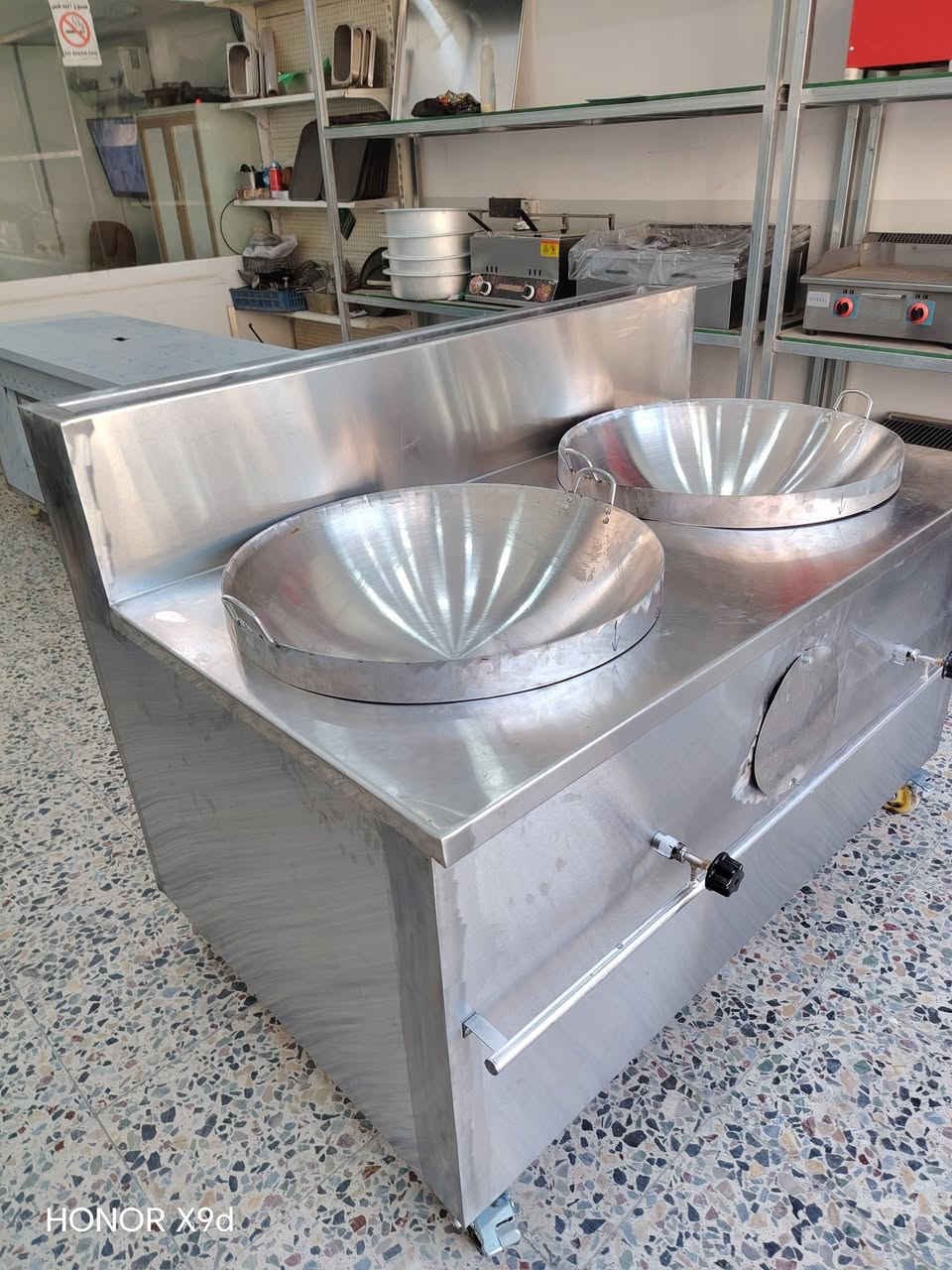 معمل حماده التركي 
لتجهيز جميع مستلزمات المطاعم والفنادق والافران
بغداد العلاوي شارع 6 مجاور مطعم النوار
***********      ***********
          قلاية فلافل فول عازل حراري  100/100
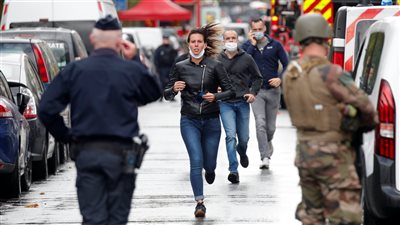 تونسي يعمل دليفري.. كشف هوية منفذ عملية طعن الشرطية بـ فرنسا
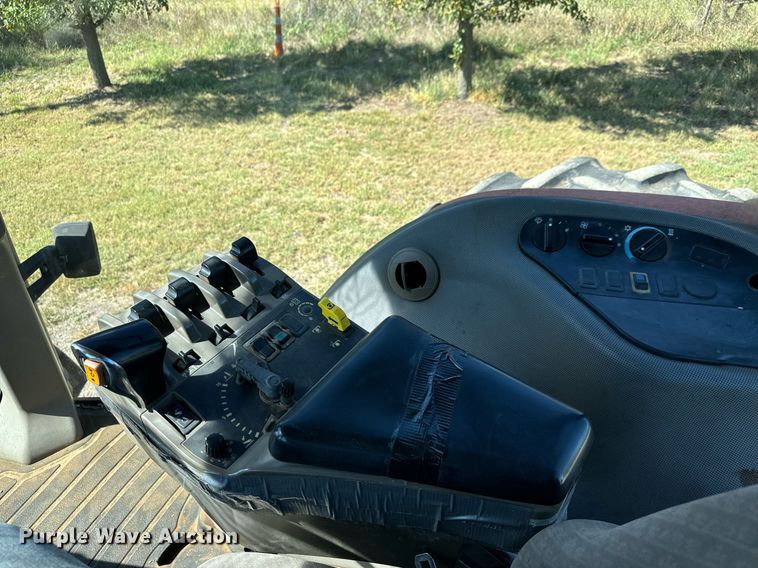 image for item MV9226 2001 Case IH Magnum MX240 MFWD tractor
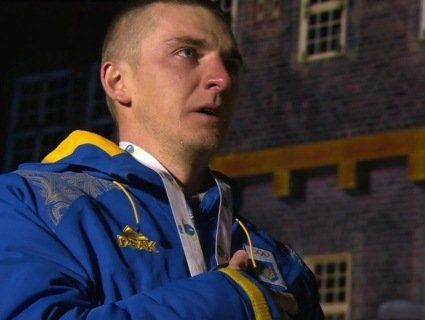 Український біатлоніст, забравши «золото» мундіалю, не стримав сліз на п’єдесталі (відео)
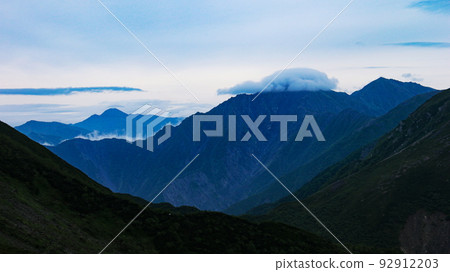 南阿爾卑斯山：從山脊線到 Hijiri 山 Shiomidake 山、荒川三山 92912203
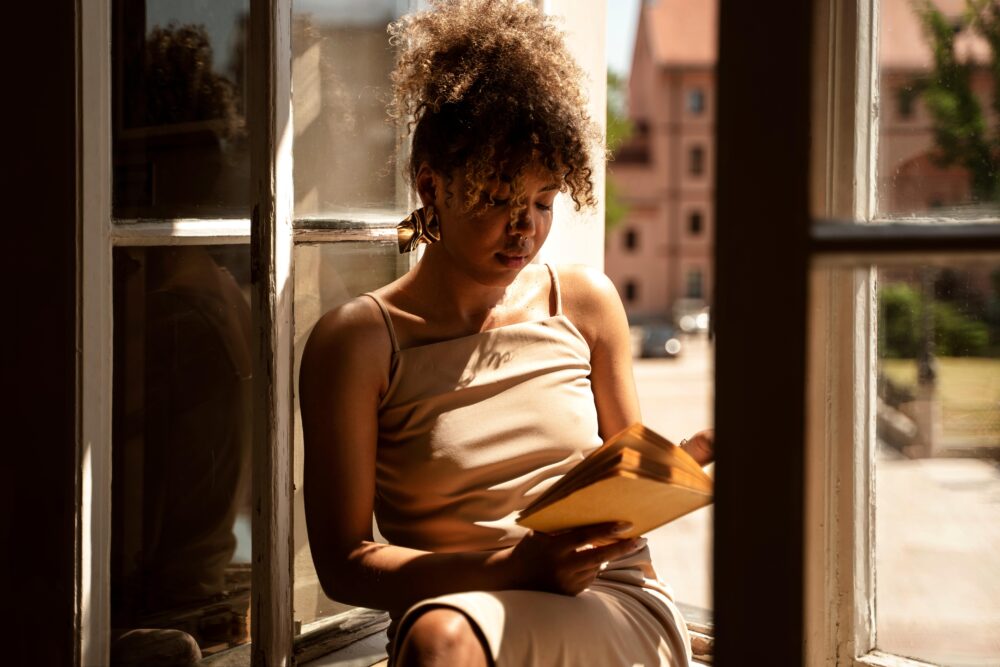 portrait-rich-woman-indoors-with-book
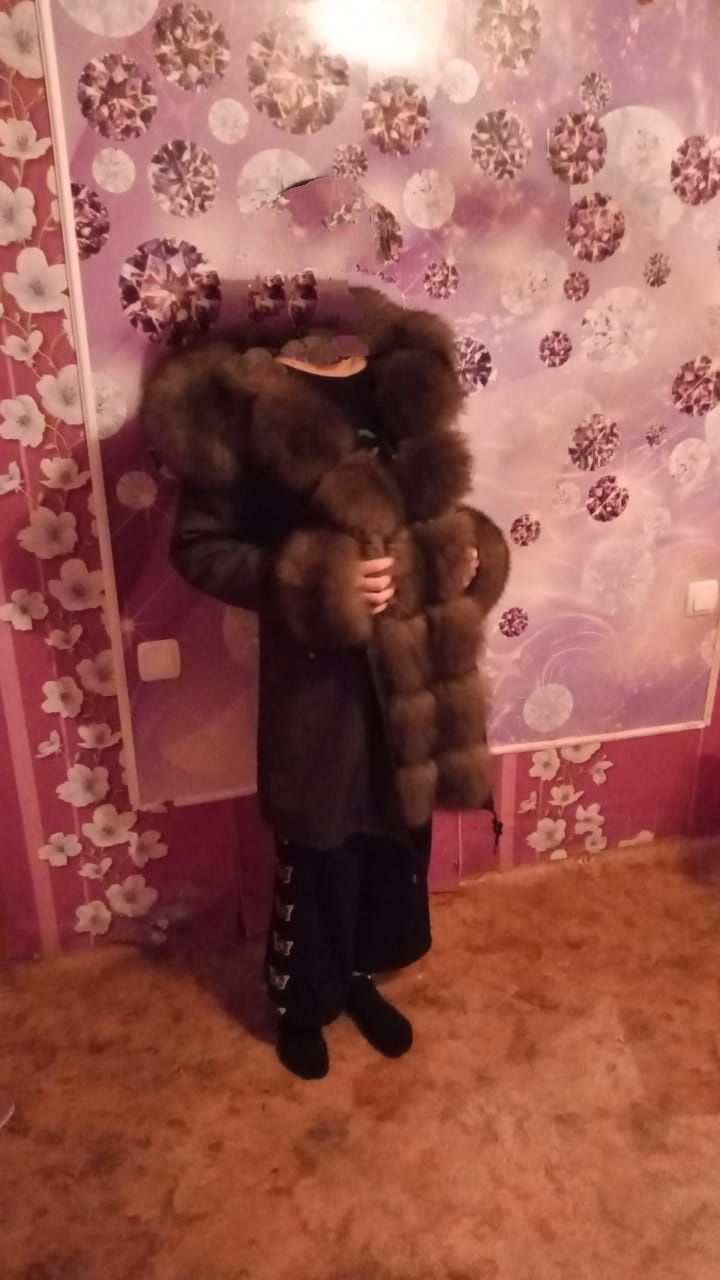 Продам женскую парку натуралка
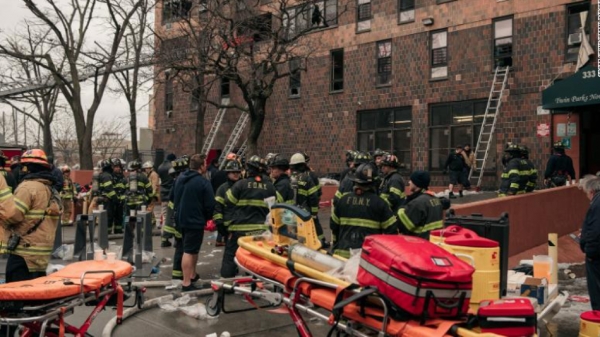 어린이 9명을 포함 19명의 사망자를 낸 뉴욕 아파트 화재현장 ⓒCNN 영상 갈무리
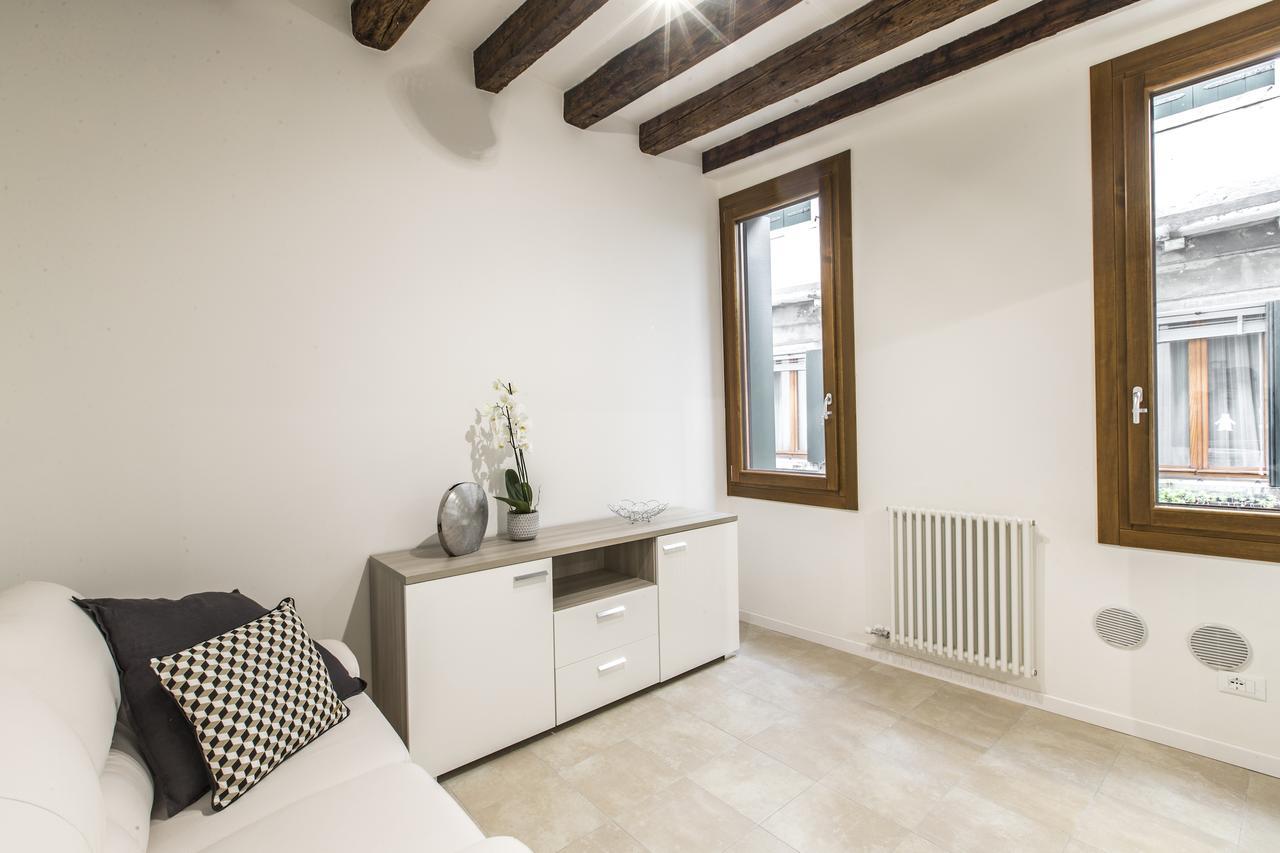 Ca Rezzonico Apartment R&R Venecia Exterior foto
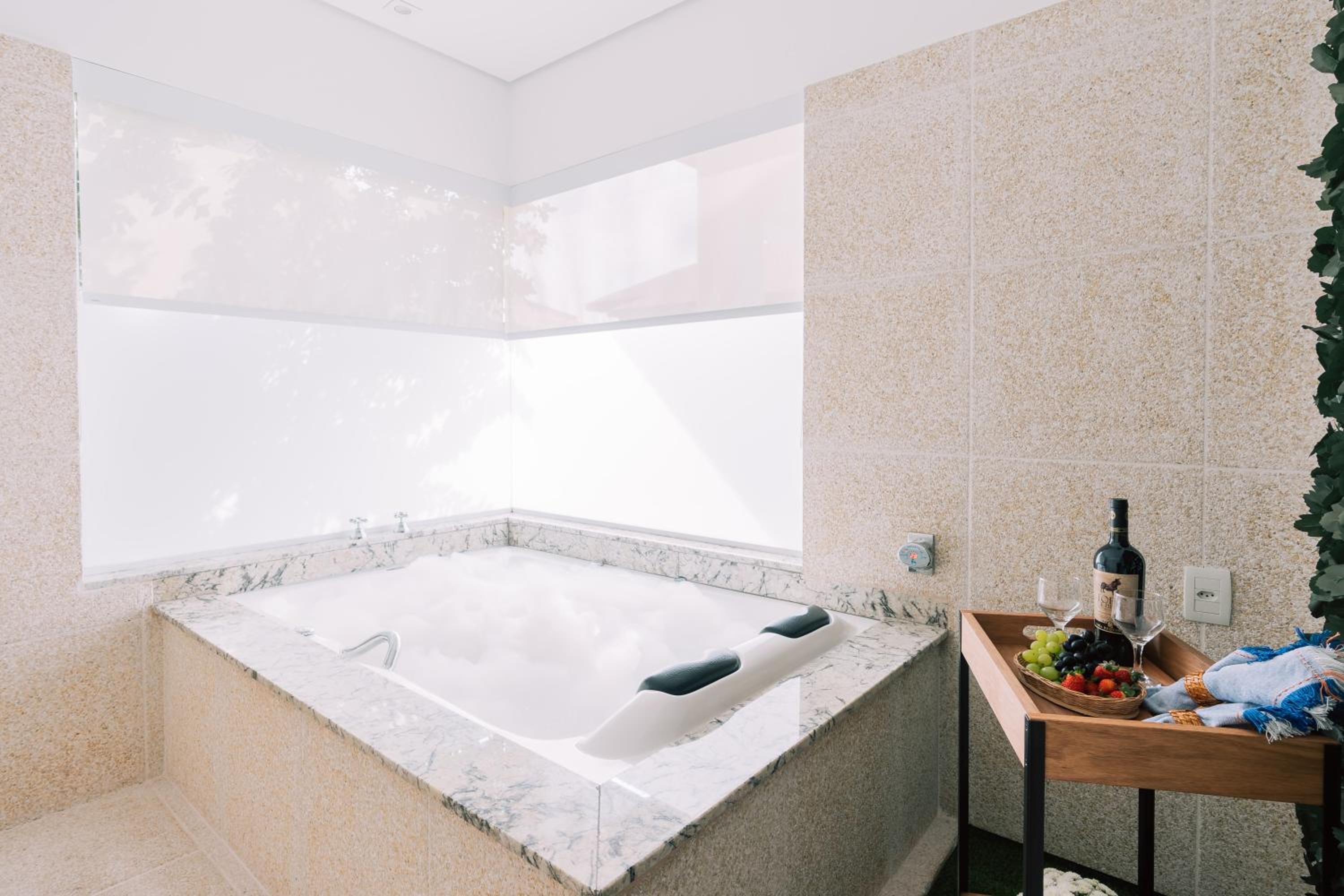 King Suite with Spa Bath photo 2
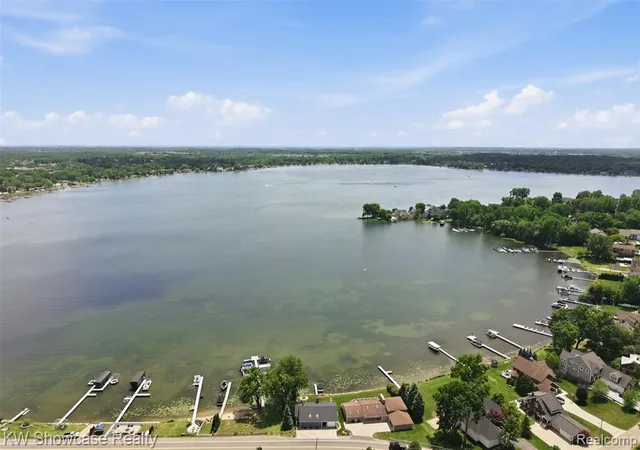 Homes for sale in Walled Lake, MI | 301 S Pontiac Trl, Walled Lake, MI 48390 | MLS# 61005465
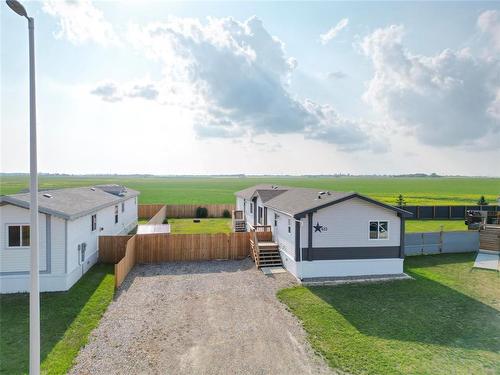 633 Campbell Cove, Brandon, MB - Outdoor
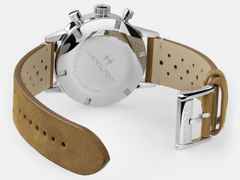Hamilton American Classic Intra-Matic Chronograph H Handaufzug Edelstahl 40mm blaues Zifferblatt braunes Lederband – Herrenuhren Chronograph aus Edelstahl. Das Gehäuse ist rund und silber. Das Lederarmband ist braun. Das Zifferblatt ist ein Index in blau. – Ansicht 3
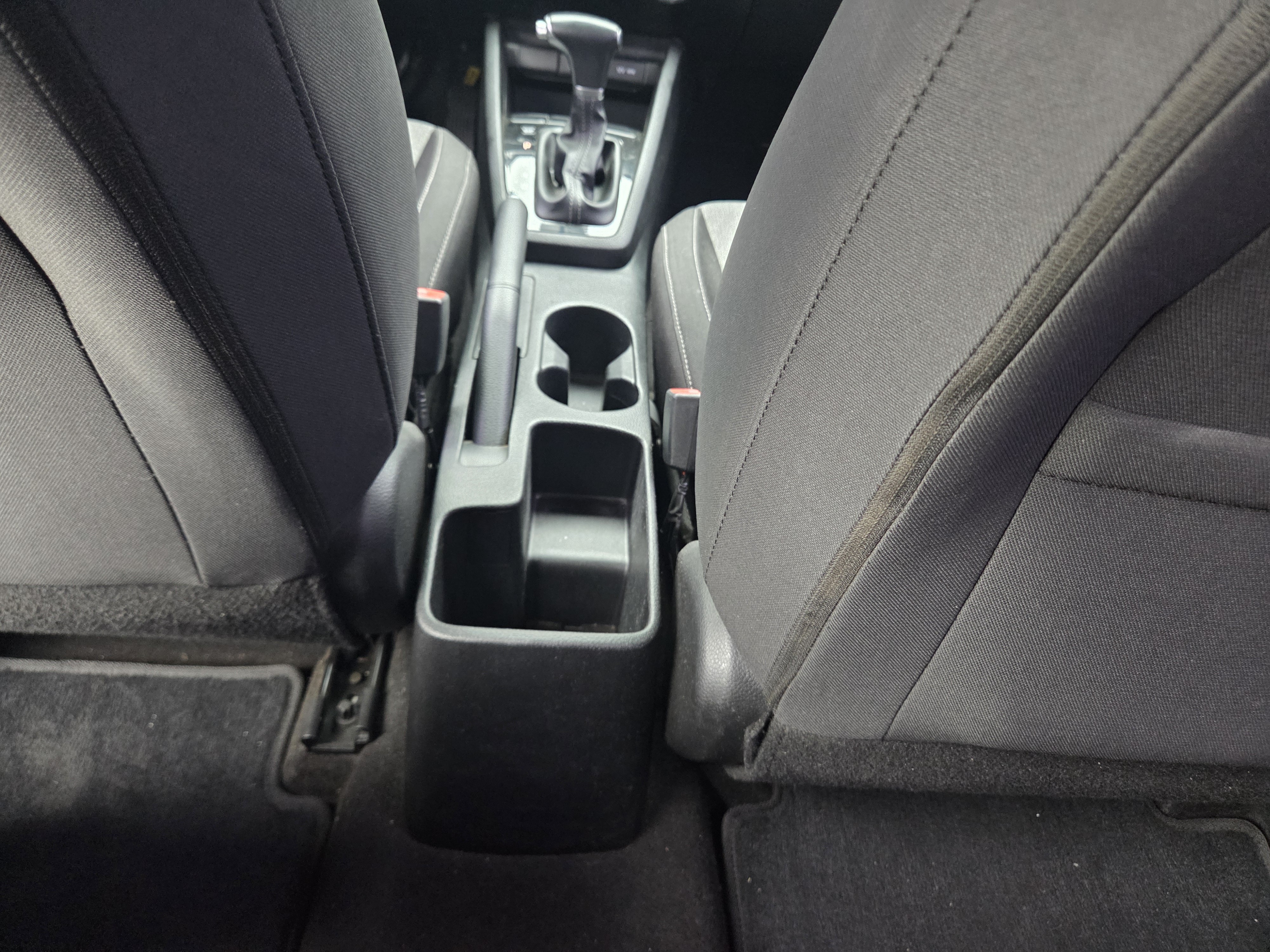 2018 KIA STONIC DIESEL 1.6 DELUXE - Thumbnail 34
__________________________________________________
What to do
The answer is the listing above repeated verbatim, minus its images.

Written solution
 معمل حماده التركي 
لتجهيز جميع مستلزمات المطاعم والفنادق والافران
بغداد العلاوي شارع 6 مجاور مطعم النوار
***********      ***********
          قلاية فلافل فول عازل حراري  100/100
 تونسي يعمل دليفري.. كشف هوية منفذ عملية طعن الشرطية بـ فرنسا
 image for item MV9226 2001 Case IH Magnum MX240 MFWD tractor
 Український біатлоніст, забравши «золото» мундіалю, не стримав сліз на п’єдесталі (відео)
 南阿爾卑斯山：從山脊線到 Hijiri 山 Shiomidake 山、荒川三山 92912203
 portrait-rich-woman-indoors-with-book
 Продам женскую парку натуралка
 어린이 9명을 포함 19명의 사망자를 낸 뉴욕 아파트 화재현장 ⓒCNN 영상 갈무리
 Ca Rezzonico Apartment R&R Venecia Exterior foto
 King Suite with Spa Bath photo 2
 Homes for sale in Walled Lake, MI | 301 S Pontiac Trl, Walled Lake, MI 48390 | MLS# 61005465
 633 Campbell Cove, Brandon, MB - Outdoor
Hamilton American Classic Intra-Matic Chronograph H Handaufzug Edelstahl 40mm blaues Zifferblatt braunes Lederband – Herrenuhren Chronograph aus Edelstahl. Das Gehäuse ist rund und silber. Das Lederarmband ist braun. Das Zifferblatt ist ein Index in blau. – Ansicht 3
 2018 KIA STONIC DIESEL 1.6 DELUXE - Thumbnail 34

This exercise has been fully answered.